- _Supplied records_
*** Begin section ***

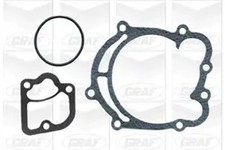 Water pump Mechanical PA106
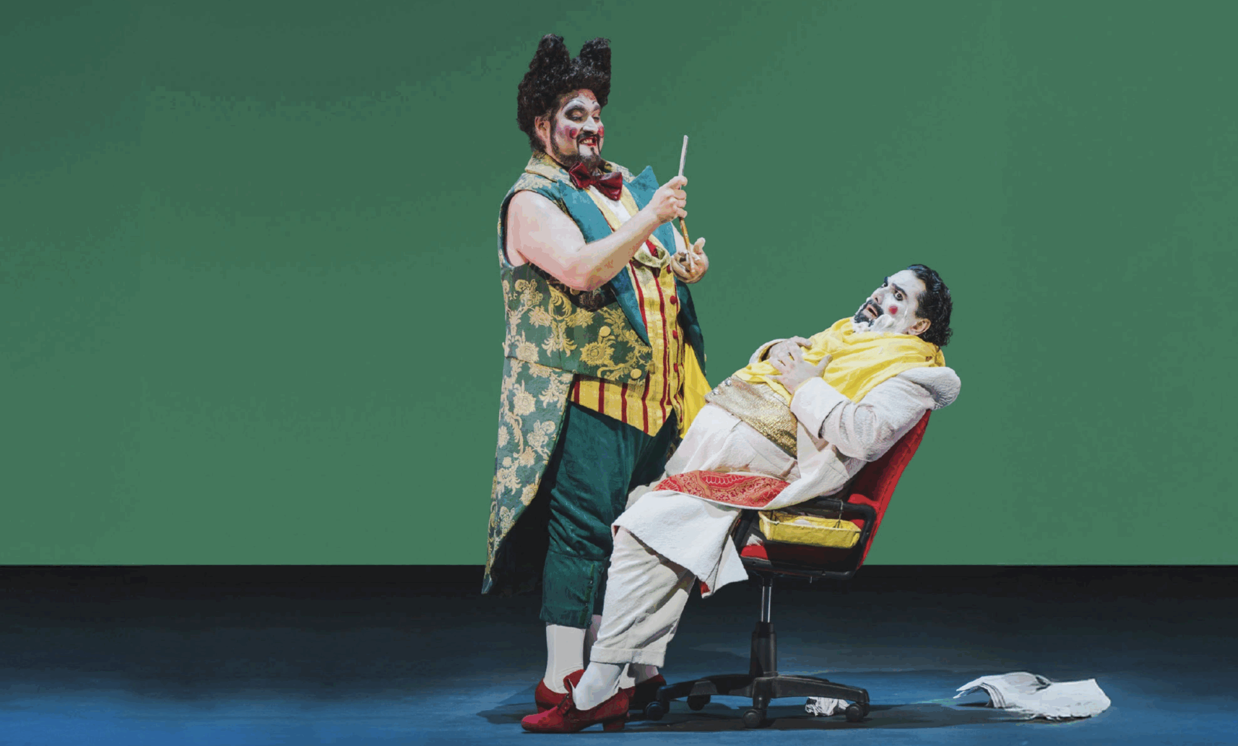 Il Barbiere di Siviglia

*** End section ***
*** Begin section ***

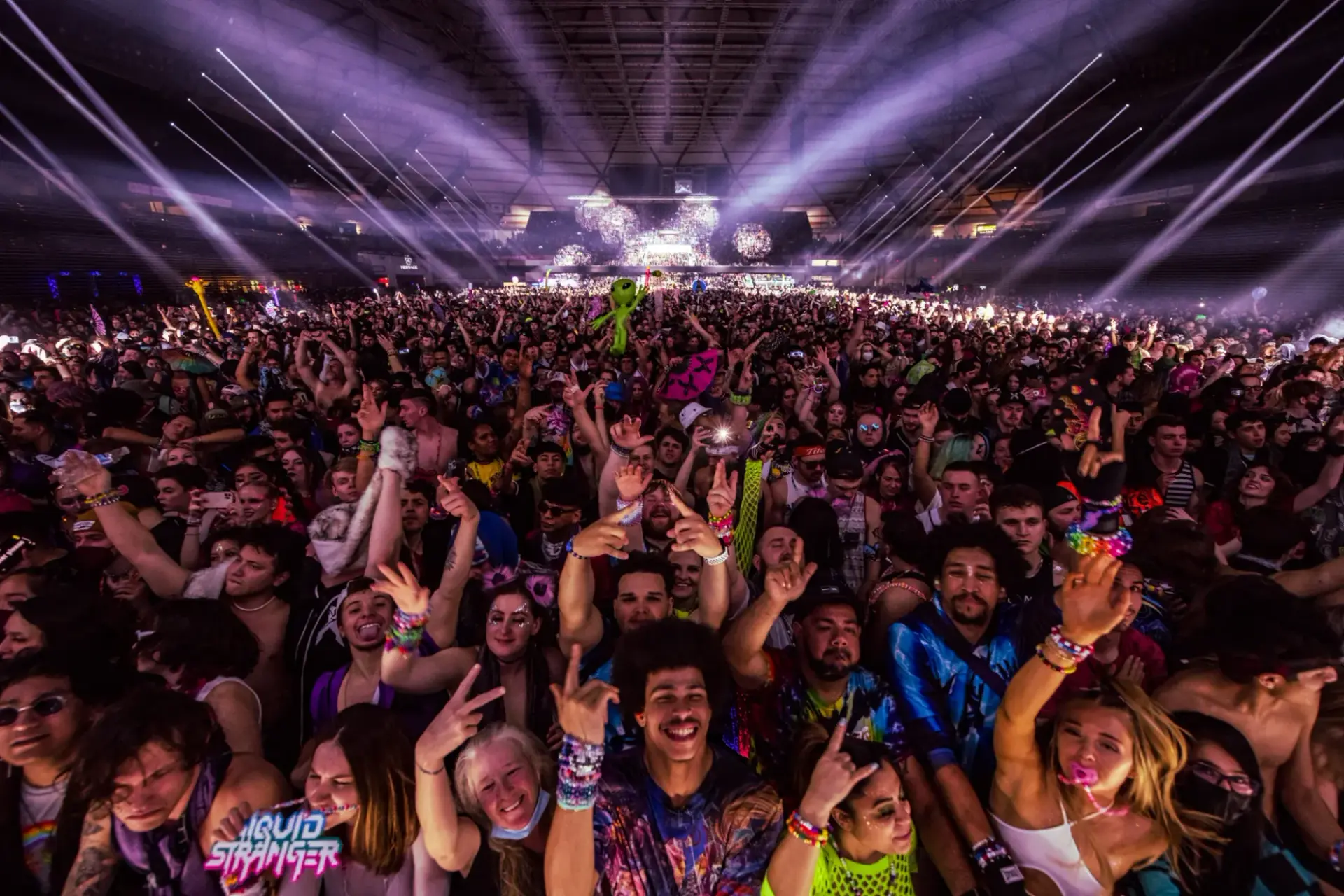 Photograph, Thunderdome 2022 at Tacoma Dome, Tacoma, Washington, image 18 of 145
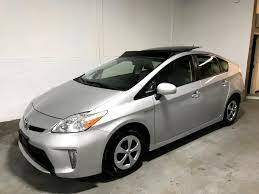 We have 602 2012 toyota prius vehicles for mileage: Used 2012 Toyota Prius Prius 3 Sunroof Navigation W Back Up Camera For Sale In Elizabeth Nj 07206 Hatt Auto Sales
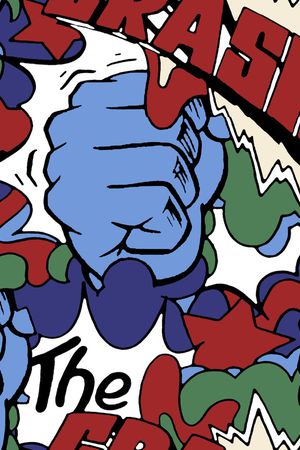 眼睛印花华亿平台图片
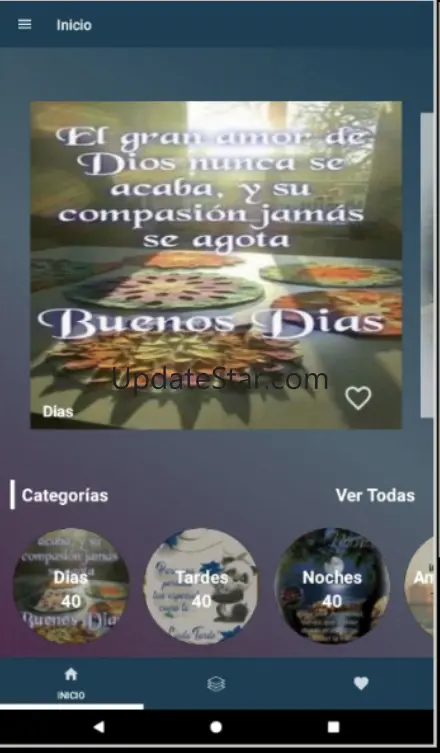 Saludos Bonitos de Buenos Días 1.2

*** End section ***
*** Begin section ***

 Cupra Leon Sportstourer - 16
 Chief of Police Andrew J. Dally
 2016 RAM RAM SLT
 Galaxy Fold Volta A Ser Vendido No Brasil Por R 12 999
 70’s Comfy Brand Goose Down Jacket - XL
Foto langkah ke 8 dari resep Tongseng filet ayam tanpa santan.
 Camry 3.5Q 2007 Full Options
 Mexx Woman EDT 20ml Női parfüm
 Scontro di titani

*** End section ***

- _What you will do_
Retype, exactly and with no pictures, everything above from the line with "We have 602" down to the line with "Saludos Bonitos de Buenos Días 1.2", both included.

- _Response box_
 We have 602 2012 toyota prius vehicles for mileage: Used 2012 Toyota Prius Prius 3 Sunroof Navigation W Back Up Camera For Sale In Elizabeth Nj 07206 Hatt Auto Sales
 眼睛印花华亿平台图片
 Saludos Bonitos de Buenos Días 1.2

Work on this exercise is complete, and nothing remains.